▸ Task goal
With the pictures removed, write out the data below exactly.

▸ Record excerpts
===============

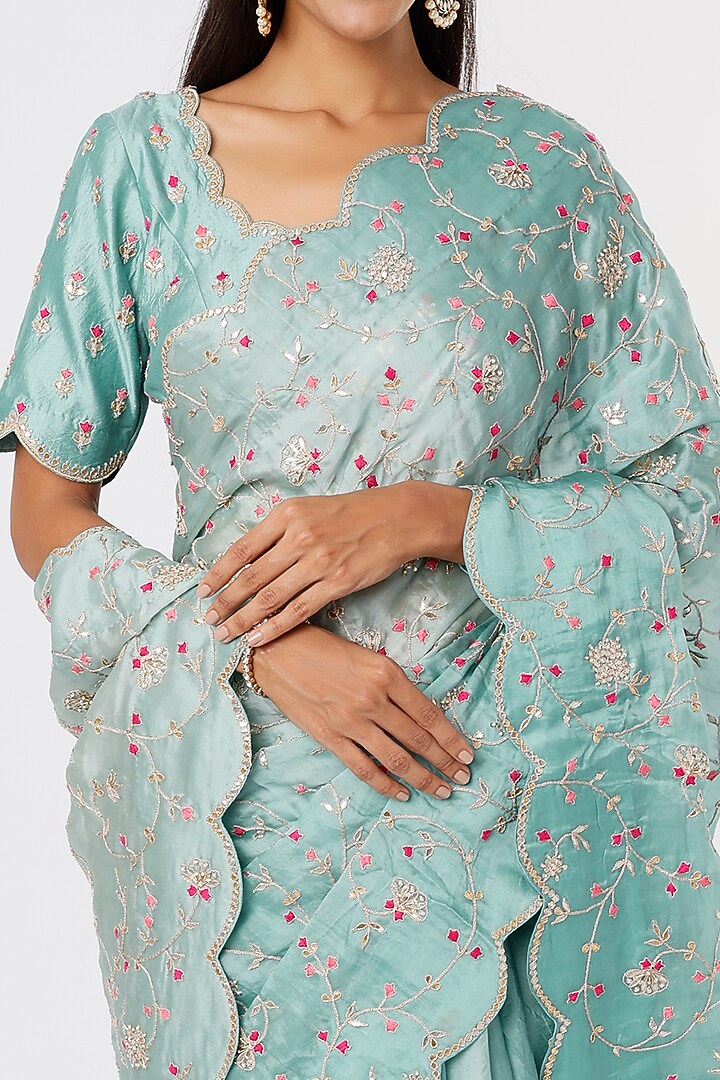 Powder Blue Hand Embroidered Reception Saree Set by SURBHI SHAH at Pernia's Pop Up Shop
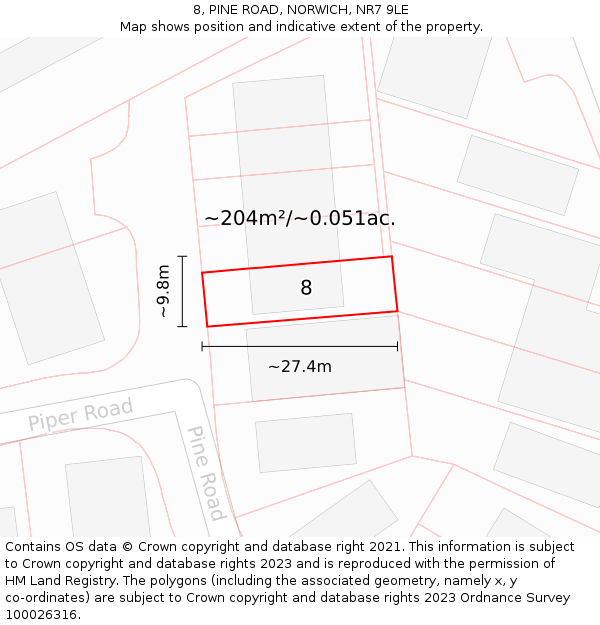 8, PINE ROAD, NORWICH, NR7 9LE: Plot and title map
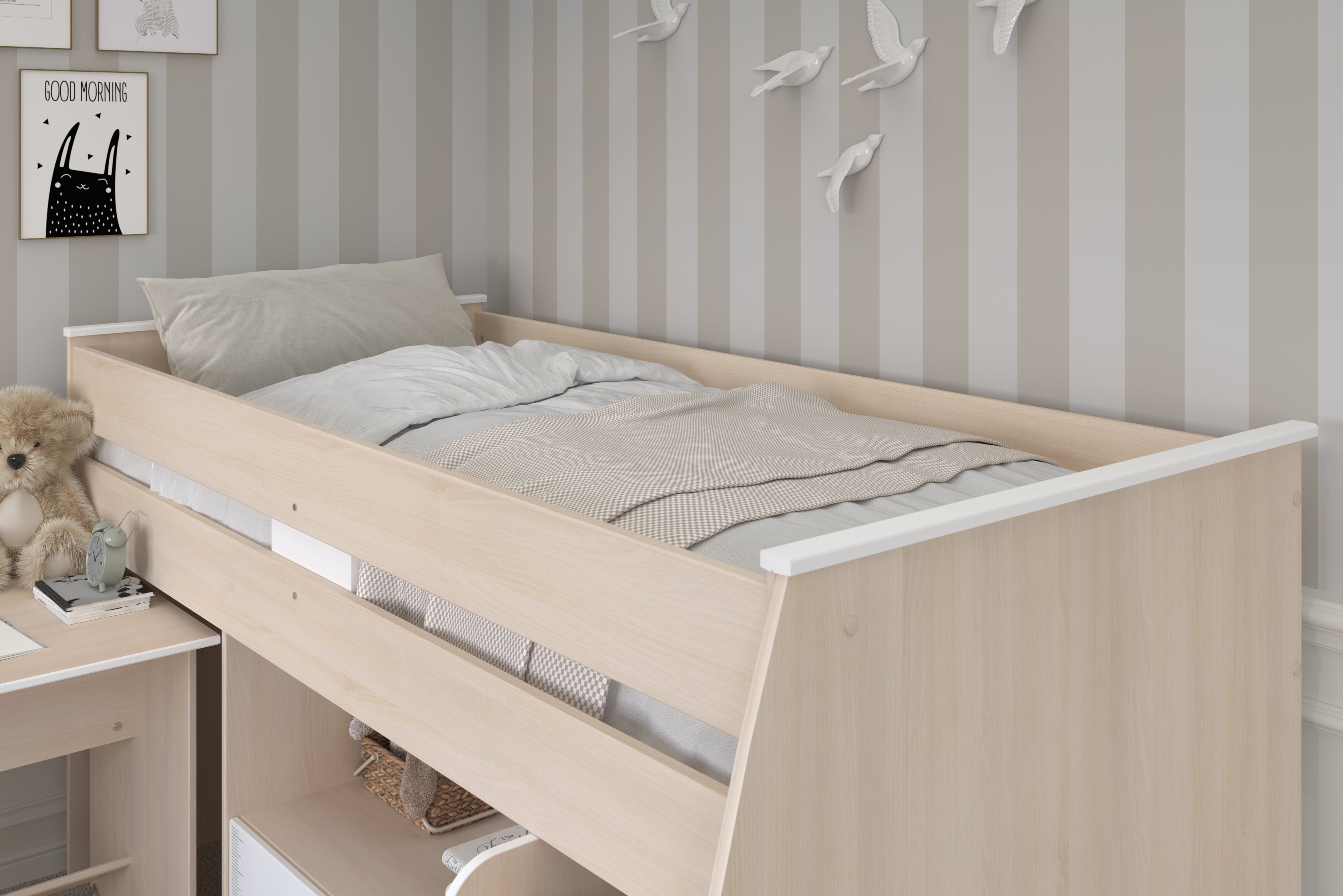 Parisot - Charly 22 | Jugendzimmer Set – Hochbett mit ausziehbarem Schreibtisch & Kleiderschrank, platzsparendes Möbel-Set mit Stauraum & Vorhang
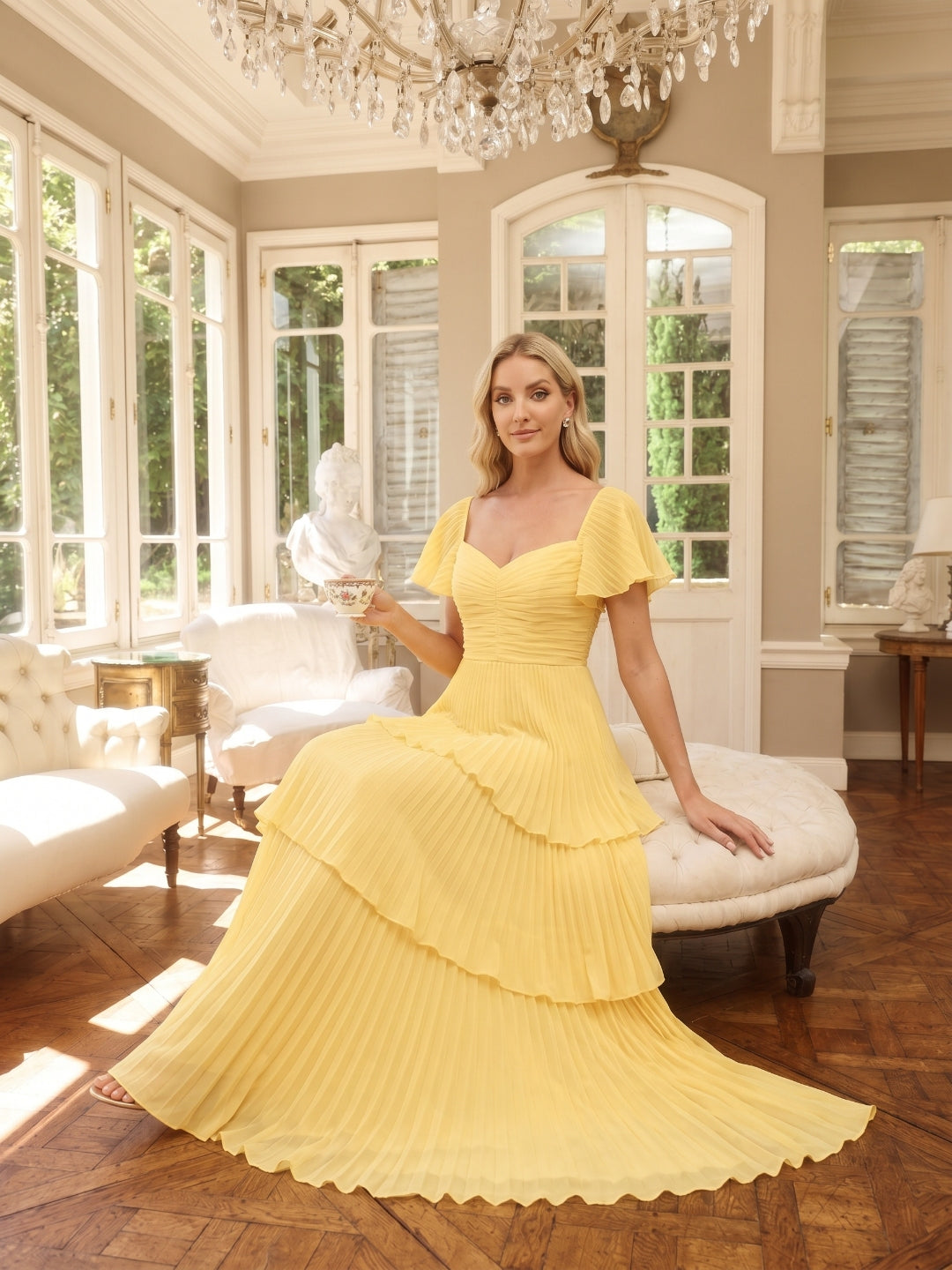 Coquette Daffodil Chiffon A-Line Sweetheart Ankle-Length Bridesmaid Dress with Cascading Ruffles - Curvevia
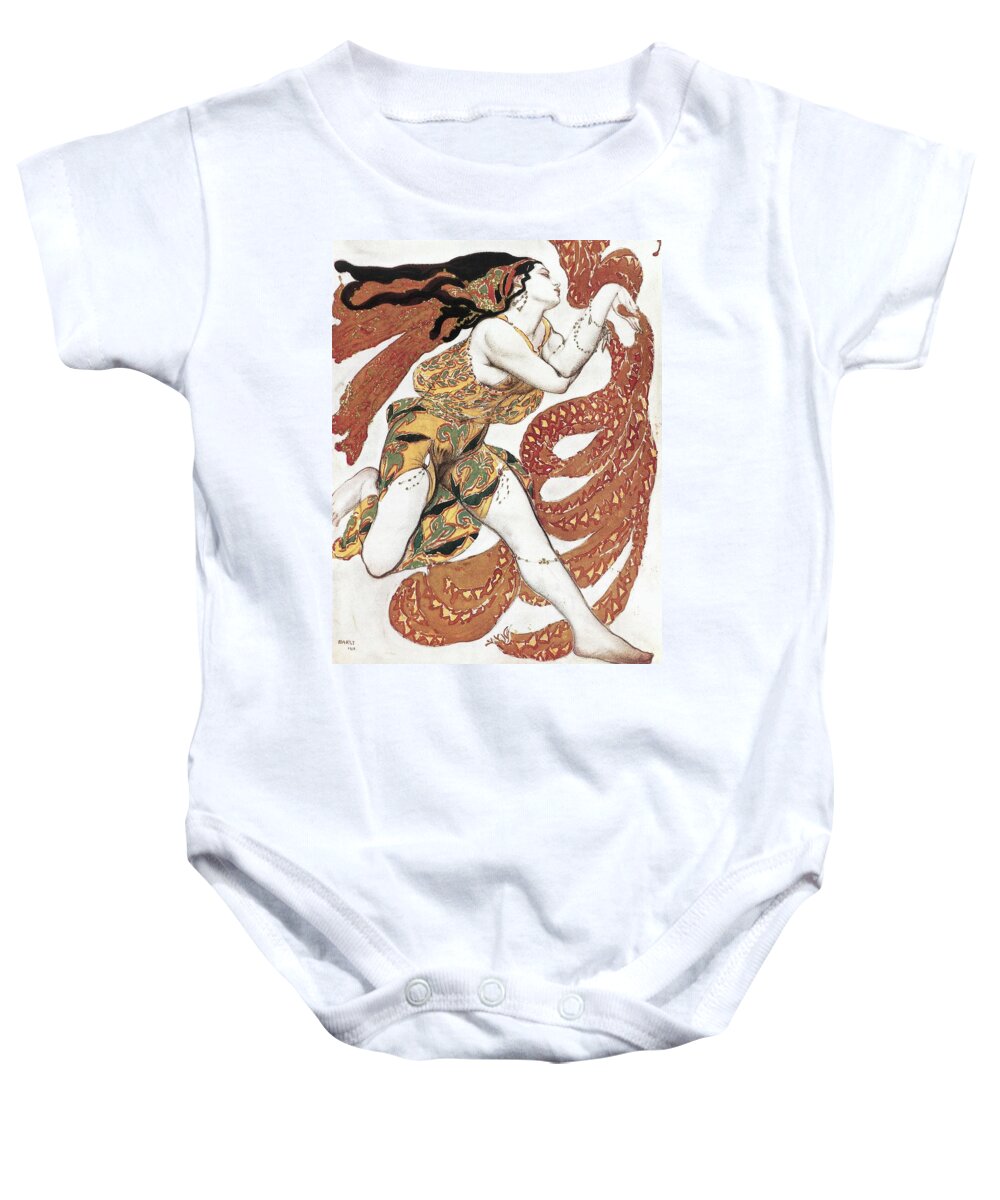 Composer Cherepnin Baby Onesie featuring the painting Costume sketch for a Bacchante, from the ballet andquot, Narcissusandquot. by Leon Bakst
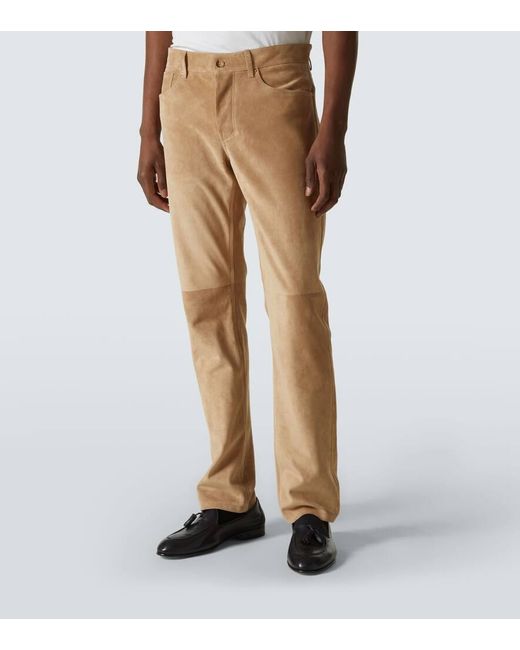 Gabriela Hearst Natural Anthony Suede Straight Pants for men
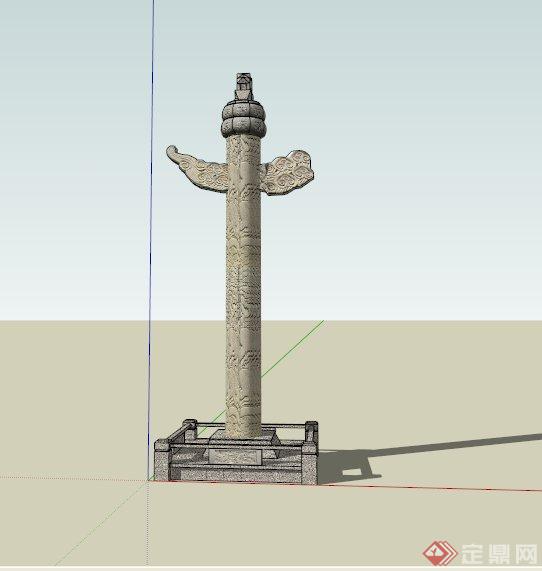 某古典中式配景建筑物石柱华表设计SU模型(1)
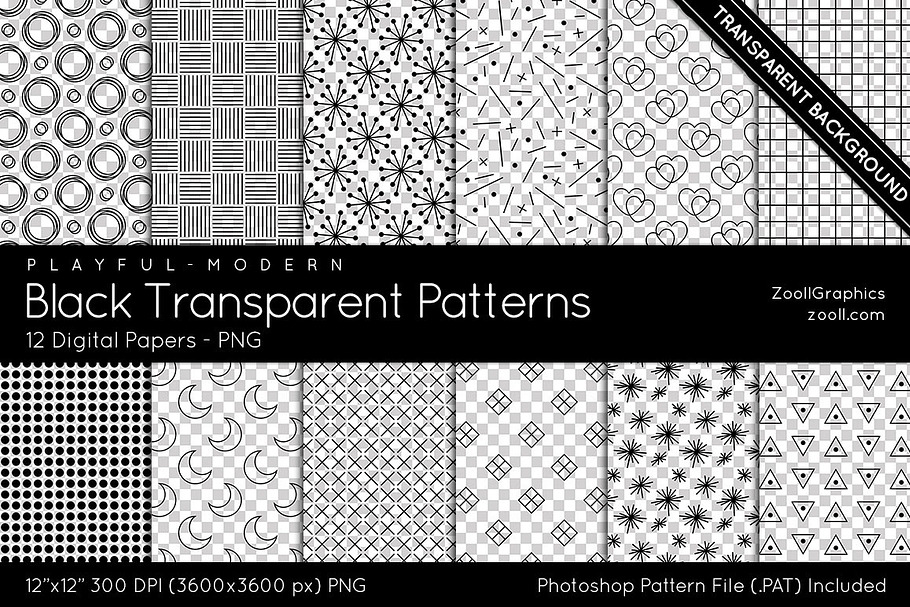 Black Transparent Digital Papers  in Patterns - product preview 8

===============

▸ Result of the exercise
 Powder Blue Hand Embroidered Reception Saree Set by SURBHI SHAH at Pernia's Pop Up Shop
 8, PINE ROAD, NORWICH, NR7 9LE: Plot and title map
 Parisot - Charly 22 | Jugendzimmer Set – Hochbett mit ausziehbarem Schreibtisch & Kleiderschrank, platzsparendes Möbel-Set mit Stauraum & Vorhang
 Coquette Daffodil Chiffon A-Line Sweetheart Ankle-Length Bridesmaid Dress with Cascading Ruffles - Curvevia
 Composer Cherepnin Baby Onesie featuring the painting Costume sketch for a Bacchante, from the ballet andquot, Narcissusandquot. by Leon Bakst
 Gabriela Hearst Natural Anthony Suede Straight Pants for men
 某古典中式配景建筑物石柱华表设计SU模型(1)
 Black Transparent Digital Papers  in Patterns - product preview 8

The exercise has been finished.